Malema hearing: Far from the madding crowd
The disciplinary hearings of ANC Youth League president Julius Malema, four other office bearers and spokesperson Floyd Shivambu was under way in Kibler Park, south of Johannesburg, on Tuesday, ANC spokesperson Keith Khoza said.
It was hoped that final argument would be wrapped up for Malema, secretary-general Sindiso Magaqa, deputy-president Ronald Lamola, treasurer-general Pule Mabe, and deputy secretary-general Kenetswe Mosenogi—who have to defend themselves against an accusation that they “barged” into a meeting of the ANC leadership.

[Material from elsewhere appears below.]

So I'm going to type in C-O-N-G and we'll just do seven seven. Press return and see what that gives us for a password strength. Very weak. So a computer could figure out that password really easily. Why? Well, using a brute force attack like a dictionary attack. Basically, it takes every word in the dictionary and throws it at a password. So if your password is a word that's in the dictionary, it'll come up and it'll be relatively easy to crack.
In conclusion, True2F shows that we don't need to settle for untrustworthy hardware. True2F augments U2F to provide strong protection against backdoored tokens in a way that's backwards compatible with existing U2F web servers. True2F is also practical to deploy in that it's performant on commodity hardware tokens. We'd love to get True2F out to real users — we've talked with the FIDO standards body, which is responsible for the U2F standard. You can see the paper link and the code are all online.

Shivambu and Magaqa would have separate hearings on separate matters, if time permitted. Malema would then have a separate hearing on Thursday, Friday and Saturday, Khoza said.
The youth league leaders face charges in terms of rule 25.5 (q) and rule 25.5(o) of the constitution of the ANC which deals with the ruling party’s expectation of discipline by members.

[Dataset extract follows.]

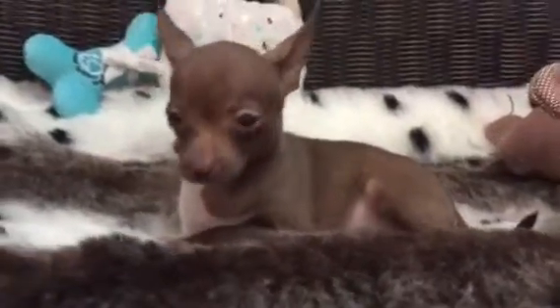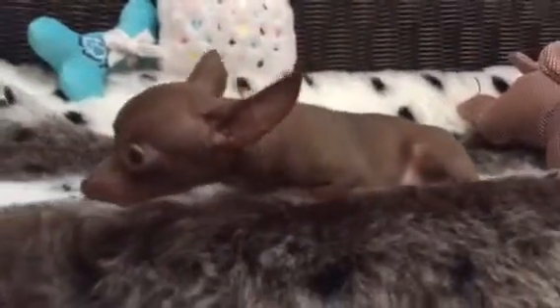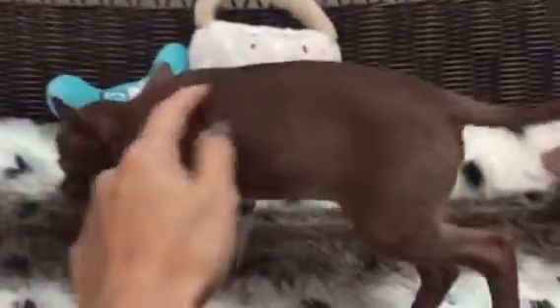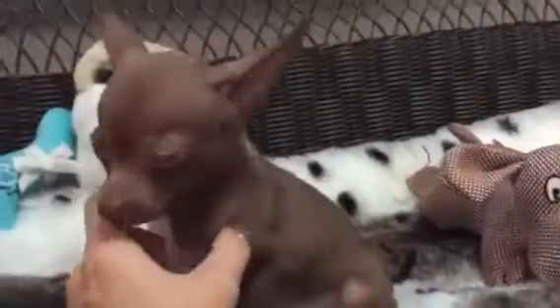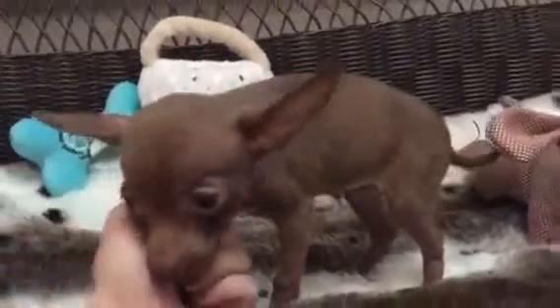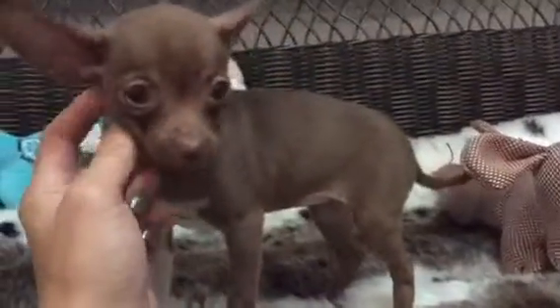Look at this little peanut. This little cutie pie is our precious little Chihuahua. She is absolutely adorable. Chihuahuas make great little travel companions with their petite size. She has got awesome chocolate and white coloring. Just absolutely precious. So if you're looking for a little pocket puppy, this little girl is waiting for you.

Khoza said the hearings had proceeded with no disruptions outside the Klipriviersberg Recreation Centre.
“It looks like it’s going well,” he said.
A South African Press Association photographer said mounted and metro police officers were on the scene and a small group of journalists had been allowed to wait in a nearby park.
On the opening day of the hearings at ANC headquarters in Sauer Street, Johannesburg, last week, Malema supporters threw stones, bricks and bottles in the streets of the CBD.
Rule 25.5 of the ANC constitution states: “Deliberately disrupting meetings and interfering with the orderly functioning of the organisation; and 25.5(o) is: “Prejudicing the integrity or repute of the organisation, its personnel or its operational capacity ...
by: impeding the activities of the organisation; creating division within its ranks or membership; doing any other act, which undermines its effectiveness as an organisation; or acting on behalf of or in collaboration with: counter-revolutionary forces; a political organisation or party other than an organisation or party in alliance with the ANC in a manner contrary to the aims, policies and objectives of the ANC; intelligence or the security services of other countries; or any person or group who seriously interferes with the work of the organisation or prevents it from fulfilling its mission and objectives.”
Hate speech ruling
On Monday, Malema was not present when the South Gauteng High Court in Johannesburg declared the words “dubul’ ibhunu” (shoot the boer) and “dubula amabhuna baya rapyha” (shoot the boers, they rape), which he sang at rallies, as hate speech after a complaint by minority rights lobby group AfriForum Youth.
The ANC said it would appeal the decision by Judge Colin Lamont to effectively ban the singing of the song.
The judge also ruled that all members of society should “refrain from singing and using the words”.
People who sing the song would be in contempt of court.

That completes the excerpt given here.